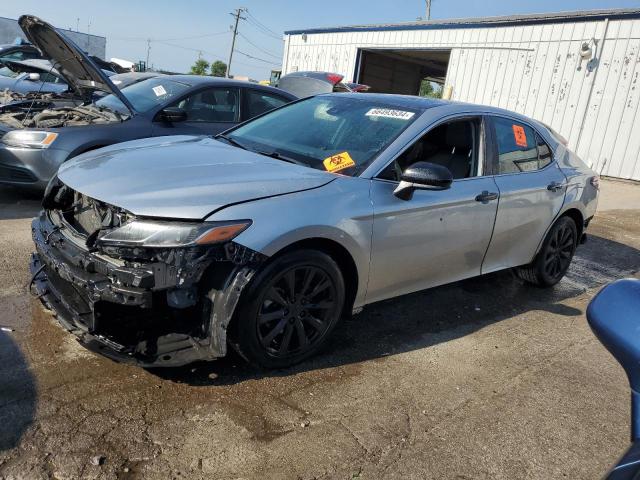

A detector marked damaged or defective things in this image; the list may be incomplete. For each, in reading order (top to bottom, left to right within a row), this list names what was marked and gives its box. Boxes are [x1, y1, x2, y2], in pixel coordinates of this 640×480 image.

broken headlight [2, 129, 57, 148]
crumpled hood [58, 136, 338, 220]
detached front bumper [30, 211, 260, 368]
damaged front end [29, 178, 264, 366]
broken headlight [96, 218, 251, 246]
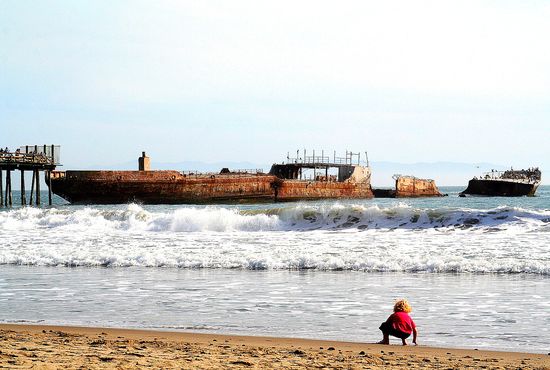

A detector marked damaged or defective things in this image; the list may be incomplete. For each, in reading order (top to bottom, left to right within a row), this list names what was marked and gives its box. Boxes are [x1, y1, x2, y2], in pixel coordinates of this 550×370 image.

rusty ship hull [48, 169, 376, 204]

------

#### GOAL OF THE EXERCISE
Please print each record above again exactly, but omit any pictures.

#### OUTPUT
A detector marked damaged or defective things in this image; the list may be incomplete. For each, in reading order (top to bottom, left to right within a row), this list names what was marked and gives its box. Boxes are [x1, y1, x2, y2], in pixel coordinates of this 640×480 image.

broken headlight [2, 129, 57, 148]
crumpled hood [58, 136, 338, 220]
detached front bumper [30, 211, 260, 368]
damaged front end [29, 178, 264, 366]
broken headlight [96, 218, 251, 246]

A detector marked damaged or defective things in this image; the list may be incomplete. For each, in reading order (top to bottom, left to right within a row), this list names what was marked and gives its box. Boxes are [x1, y1, x2, y2], in pixel coordinates of this 550×370 image.

rusty ship hull [48, 169, 376, 204]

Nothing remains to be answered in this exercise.